Dalam pidato baru-baru ini di negara bagian Iowa tentang kebebasan beragama, Menteri Luar Negeri Mike Pompeo menyebut kebebasan beragama sebagai “kebebasan pertama kami – menurut Konstitusi.” Dia juga mengatakan “Penghormatan tertinggi untuk hak yang tak dapat direnggut, yang menuntun pemerintahan kami.”
Kebebasan beragama masih terancam di banyak negara. Menlu Pompeo menekankan bahwa empat dari lima orang di seluruh dunia tidak bisa menikmati kebebasan beragama secara penuh. Untuk memperbaiki kondisi orang-orang yang ingin menjalankan kebebasan hati nurani, Amerika Serikat menggunakan semua strategi yang ada, termasuk dengan menyebutkan negara-negara yang melanggar hak dasar ini:
“Kami sudah menyoroti perang China terhadap keyakinan. Penahanan massal etnis Uighur, keputusan durhaka untuk mengganti gambar-gambar Sepuluh Perintah Allah di gereja dengan kata-kata dari Sekretaris Jenderal Xi sudah berjalan tanpa ada tentangan.”
Selama lebih dari dua tahun, Kementerian Luar Negeri sudah menggelar dua Pertemuan Tingkat Menteri untuk Memajukan Kebebasan Beragama. Dalam acara tersebut, para pemimpin negara dan agama dari seluruh dunia berkumpul dengan tujuan untuk melindungi hak dasar kebebasan beragama.
Pompeo mengatakan Amerika sangat berkomitmen untuk melindungi kebebasan dasar orang-orang di seluruh dunia.
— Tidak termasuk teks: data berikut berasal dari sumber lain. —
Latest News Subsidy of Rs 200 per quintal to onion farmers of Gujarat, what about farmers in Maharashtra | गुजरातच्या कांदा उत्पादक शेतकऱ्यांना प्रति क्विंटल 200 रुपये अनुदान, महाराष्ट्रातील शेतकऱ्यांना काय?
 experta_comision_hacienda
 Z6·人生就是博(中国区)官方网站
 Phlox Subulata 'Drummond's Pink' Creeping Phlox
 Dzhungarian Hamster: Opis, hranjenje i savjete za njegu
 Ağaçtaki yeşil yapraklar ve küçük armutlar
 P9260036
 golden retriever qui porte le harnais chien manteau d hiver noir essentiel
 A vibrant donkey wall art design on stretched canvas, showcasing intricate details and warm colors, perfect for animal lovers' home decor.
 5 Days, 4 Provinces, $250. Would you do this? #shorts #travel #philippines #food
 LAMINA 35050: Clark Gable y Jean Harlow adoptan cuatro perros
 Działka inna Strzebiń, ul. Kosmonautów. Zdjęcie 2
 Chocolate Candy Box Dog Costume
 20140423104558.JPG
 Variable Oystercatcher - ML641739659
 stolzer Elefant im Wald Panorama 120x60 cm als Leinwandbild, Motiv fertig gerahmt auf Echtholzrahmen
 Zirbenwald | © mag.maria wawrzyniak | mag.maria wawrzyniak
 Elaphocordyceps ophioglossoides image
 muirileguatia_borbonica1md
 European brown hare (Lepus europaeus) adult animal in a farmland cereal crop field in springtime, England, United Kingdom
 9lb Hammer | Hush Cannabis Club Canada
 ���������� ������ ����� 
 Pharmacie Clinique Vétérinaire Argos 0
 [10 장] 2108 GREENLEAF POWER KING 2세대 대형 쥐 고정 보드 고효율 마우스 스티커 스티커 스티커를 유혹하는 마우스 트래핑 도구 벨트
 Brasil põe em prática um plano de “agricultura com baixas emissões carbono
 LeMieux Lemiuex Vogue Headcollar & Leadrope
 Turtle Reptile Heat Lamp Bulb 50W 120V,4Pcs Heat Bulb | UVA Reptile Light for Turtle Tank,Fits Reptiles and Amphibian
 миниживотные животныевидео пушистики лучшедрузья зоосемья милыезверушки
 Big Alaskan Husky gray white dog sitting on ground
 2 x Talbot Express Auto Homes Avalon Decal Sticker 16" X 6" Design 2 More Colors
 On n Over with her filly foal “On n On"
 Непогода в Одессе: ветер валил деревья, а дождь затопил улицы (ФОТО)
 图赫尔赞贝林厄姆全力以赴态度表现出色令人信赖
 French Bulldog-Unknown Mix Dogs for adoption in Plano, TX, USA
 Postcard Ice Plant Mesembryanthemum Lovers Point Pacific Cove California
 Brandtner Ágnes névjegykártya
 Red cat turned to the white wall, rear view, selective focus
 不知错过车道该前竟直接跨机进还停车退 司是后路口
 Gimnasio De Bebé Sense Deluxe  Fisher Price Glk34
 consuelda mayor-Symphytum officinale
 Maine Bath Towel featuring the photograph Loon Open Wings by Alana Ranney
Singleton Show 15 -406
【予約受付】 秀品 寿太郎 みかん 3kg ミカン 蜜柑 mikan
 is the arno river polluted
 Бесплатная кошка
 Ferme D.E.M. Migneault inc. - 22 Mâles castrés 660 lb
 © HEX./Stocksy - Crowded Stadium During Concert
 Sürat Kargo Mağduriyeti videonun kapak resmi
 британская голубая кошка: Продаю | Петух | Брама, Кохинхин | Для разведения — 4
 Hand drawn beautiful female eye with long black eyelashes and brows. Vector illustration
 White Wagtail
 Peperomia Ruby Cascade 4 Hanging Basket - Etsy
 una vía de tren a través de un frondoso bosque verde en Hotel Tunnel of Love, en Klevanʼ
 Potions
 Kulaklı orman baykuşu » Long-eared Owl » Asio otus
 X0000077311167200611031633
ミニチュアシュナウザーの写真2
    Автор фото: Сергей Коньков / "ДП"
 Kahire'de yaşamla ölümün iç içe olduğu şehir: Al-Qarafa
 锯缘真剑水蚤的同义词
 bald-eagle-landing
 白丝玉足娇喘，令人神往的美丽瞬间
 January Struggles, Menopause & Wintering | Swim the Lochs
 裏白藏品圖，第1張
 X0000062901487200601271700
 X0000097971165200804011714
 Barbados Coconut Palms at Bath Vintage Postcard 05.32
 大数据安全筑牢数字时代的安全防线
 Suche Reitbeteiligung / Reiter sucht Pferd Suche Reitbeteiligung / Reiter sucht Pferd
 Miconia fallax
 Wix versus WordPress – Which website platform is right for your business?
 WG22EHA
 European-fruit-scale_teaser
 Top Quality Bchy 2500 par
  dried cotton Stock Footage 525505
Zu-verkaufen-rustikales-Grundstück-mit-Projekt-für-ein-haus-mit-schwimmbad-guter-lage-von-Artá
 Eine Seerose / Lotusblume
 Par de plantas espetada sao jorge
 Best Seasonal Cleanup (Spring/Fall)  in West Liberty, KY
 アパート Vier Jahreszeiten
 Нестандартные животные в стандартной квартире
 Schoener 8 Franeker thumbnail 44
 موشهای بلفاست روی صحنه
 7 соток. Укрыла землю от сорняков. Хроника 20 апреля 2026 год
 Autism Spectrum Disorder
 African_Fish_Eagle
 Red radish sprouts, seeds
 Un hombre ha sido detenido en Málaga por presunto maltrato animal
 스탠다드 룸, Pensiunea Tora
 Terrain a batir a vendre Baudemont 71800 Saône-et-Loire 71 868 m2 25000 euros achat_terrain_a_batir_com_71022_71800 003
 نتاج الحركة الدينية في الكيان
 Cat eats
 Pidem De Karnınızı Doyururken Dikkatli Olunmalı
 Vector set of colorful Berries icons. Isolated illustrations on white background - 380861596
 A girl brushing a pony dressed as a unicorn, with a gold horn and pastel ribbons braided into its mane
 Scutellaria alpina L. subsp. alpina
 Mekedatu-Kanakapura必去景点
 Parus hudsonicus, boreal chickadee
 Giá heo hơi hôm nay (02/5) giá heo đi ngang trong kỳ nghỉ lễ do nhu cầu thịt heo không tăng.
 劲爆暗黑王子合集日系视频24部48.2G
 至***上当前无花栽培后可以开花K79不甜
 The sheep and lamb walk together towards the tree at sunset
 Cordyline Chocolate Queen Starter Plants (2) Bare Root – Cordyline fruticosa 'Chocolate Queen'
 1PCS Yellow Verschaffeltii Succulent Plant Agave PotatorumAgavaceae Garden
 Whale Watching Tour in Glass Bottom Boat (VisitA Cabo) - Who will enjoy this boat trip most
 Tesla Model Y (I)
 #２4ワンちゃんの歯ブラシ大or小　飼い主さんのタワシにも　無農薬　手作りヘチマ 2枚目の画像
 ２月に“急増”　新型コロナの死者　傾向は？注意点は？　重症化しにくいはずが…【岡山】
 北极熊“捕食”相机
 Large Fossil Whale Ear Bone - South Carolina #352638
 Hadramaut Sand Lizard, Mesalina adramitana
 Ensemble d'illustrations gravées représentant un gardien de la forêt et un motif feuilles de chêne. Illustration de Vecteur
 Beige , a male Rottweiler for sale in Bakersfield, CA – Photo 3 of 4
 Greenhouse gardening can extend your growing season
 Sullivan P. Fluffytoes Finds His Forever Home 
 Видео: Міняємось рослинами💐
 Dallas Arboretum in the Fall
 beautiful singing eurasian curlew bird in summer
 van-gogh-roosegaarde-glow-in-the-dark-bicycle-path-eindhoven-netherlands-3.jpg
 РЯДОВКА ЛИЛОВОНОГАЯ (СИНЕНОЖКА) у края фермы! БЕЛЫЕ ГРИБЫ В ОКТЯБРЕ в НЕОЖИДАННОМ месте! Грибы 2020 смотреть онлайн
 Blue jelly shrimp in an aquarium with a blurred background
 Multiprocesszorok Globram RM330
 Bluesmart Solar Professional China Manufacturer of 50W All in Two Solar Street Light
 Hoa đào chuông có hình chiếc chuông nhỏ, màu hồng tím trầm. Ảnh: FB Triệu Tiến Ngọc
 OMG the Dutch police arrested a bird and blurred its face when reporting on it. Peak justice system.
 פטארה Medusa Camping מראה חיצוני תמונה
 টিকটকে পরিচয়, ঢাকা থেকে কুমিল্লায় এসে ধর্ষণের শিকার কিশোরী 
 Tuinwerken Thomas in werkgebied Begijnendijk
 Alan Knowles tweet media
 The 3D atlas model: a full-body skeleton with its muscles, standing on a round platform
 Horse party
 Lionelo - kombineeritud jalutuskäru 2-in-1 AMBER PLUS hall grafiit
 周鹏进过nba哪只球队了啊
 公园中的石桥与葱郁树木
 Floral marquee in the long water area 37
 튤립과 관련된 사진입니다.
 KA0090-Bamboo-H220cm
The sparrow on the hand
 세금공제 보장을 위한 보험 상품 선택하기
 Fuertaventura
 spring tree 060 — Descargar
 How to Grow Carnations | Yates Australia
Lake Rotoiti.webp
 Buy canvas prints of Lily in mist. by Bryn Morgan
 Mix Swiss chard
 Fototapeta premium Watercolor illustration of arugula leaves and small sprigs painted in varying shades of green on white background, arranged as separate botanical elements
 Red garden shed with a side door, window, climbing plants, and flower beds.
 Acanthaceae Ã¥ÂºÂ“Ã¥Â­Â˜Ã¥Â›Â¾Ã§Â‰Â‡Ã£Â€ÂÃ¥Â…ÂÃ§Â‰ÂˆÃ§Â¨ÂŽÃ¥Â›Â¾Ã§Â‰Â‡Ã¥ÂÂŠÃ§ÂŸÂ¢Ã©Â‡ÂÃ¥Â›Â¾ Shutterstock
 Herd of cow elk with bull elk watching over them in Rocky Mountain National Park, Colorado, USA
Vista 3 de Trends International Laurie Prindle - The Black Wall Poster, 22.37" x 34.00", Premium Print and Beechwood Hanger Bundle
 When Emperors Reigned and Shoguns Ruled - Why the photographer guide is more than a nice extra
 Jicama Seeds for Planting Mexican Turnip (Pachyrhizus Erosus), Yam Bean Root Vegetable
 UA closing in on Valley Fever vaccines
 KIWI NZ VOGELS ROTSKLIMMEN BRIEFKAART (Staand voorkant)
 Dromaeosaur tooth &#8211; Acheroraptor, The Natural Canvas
Ini adalah warisan membanggakan dari para pendiri bangsa, yang membangun AS dengan komitmen untuk menjamin agar rakyat Amerika mendapat hak-hak yang tak dapat dicabut yang tercantum dalam Deklarasi Kemerdekaan dan Konstitusi.
“Kebijakan luar negeri negara kita harus berpegang pada pemahaman inti,” kata Menlu Pompeo. “Itu komitmen yang membuat kita menjadi bintang terang kebebasan di dunia…Rumah kebijakan luar negeri kita dibangun di batu yang kuat, pada prinsip-prinsip dasar yang ditetapkan saat negara kita didirikan.”